# Entries supplied:
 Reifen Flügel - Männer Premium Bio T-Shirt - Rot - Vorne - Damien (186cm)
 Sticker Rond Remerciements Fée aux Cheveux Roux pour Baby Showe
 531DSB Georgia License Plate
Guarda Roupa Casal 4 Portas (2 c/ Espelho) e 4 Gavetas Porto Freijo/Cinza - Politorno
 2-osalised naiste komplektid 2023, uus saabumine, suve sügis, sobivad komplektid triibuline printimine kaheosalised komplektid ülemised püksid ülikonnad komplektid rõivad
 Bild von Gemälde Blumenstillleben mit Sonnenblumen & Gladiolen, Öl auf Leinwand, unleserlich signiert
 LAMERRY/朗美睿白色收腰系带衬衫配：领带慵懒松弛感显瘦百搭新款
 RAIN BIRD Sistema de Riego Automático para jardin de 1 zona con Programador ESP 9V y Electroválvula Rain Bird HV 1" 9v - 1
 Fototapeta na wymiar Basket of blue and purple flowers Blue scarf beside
---
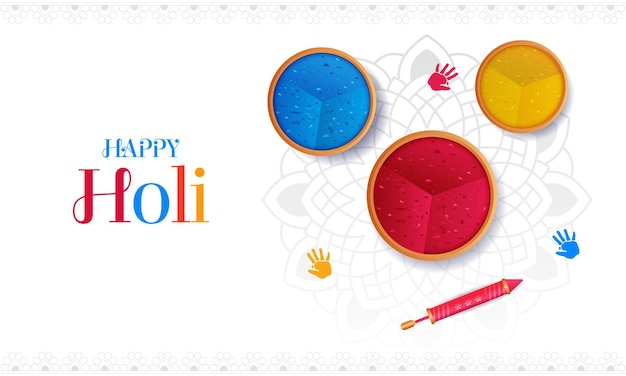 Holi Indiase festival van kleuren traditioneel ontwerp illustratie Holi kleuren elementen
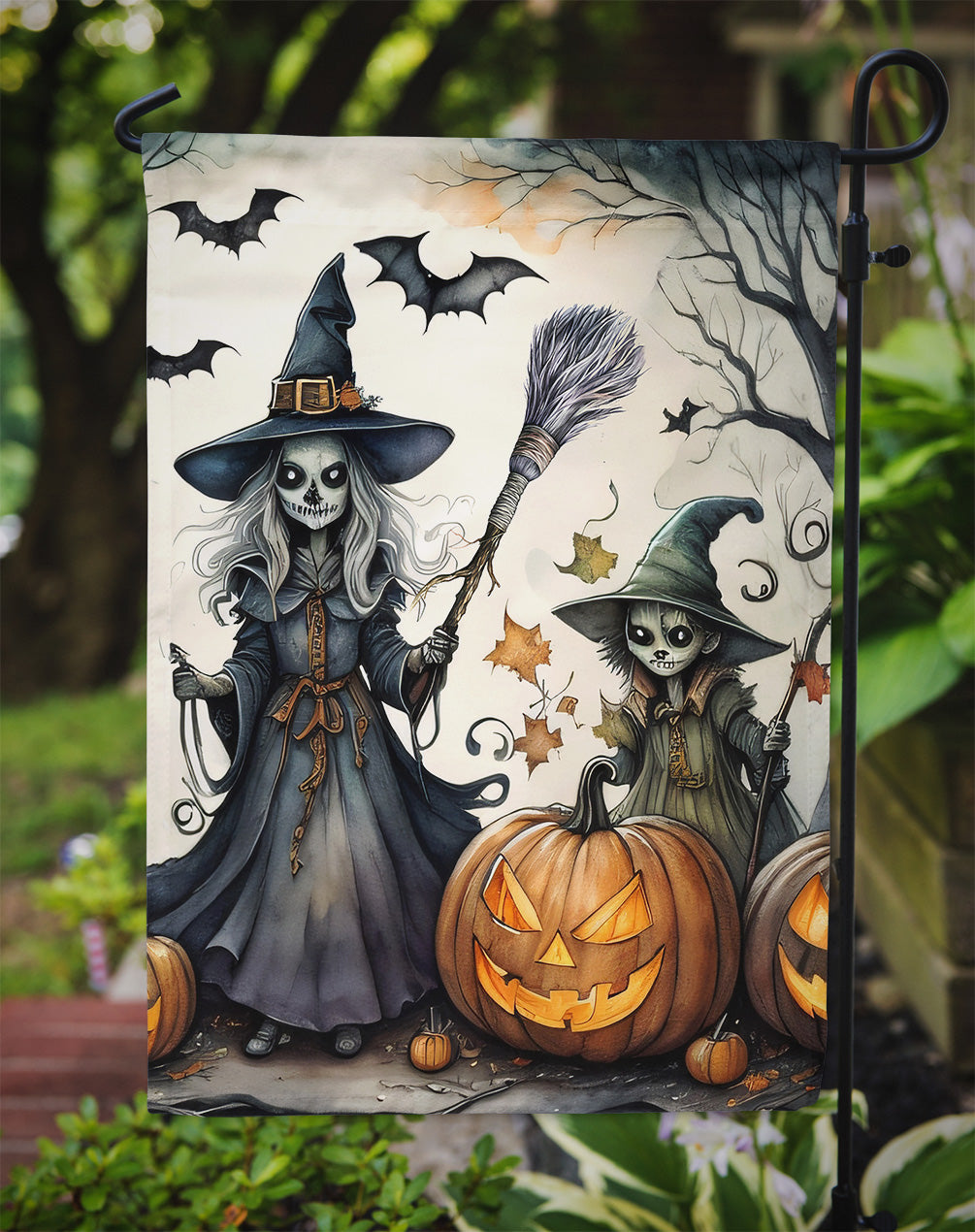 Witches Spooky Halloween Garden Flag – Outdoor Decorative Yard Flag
==
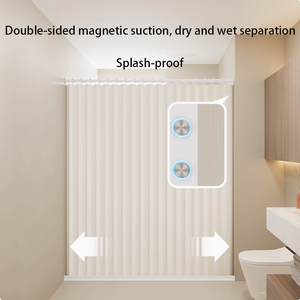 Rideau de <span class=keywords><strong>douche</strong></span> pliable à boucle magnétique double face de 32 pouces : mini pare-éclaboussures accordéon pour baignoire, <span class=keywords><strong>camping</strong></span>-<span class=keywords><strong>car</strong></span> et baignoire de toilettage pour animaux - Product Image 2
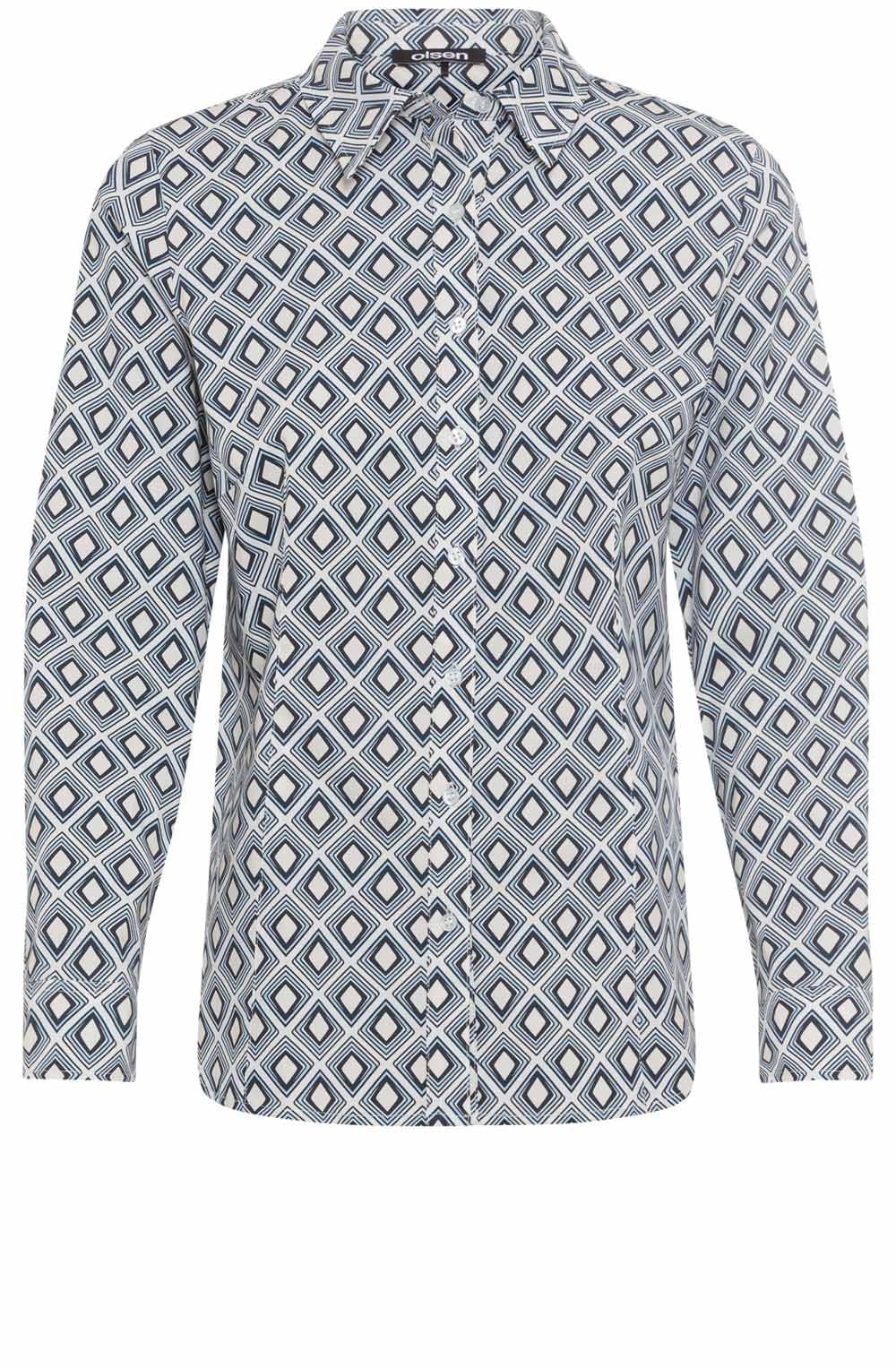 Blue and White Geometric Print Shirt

# What is required:
All that is wanted is a faithful reproduction of the line above with "Reifen Flügel - Männer", the line with "Guarda Roupa Casal", and every line in between.

# Solution to the exercise:
 Reifen Flügel - Männer Premium Bio T-Shirt - Rot - Vorne - Damien (186cm)
 Sticker Rond Remerciements Fée aux Cheveux Roux pour Baby Showe
 531DSB Georgia License Plate
Guarda Roupa Casal 4 Portas (2 c/ Espelho) e 4 Gavetas Porto Freijo/Cinza - Politorno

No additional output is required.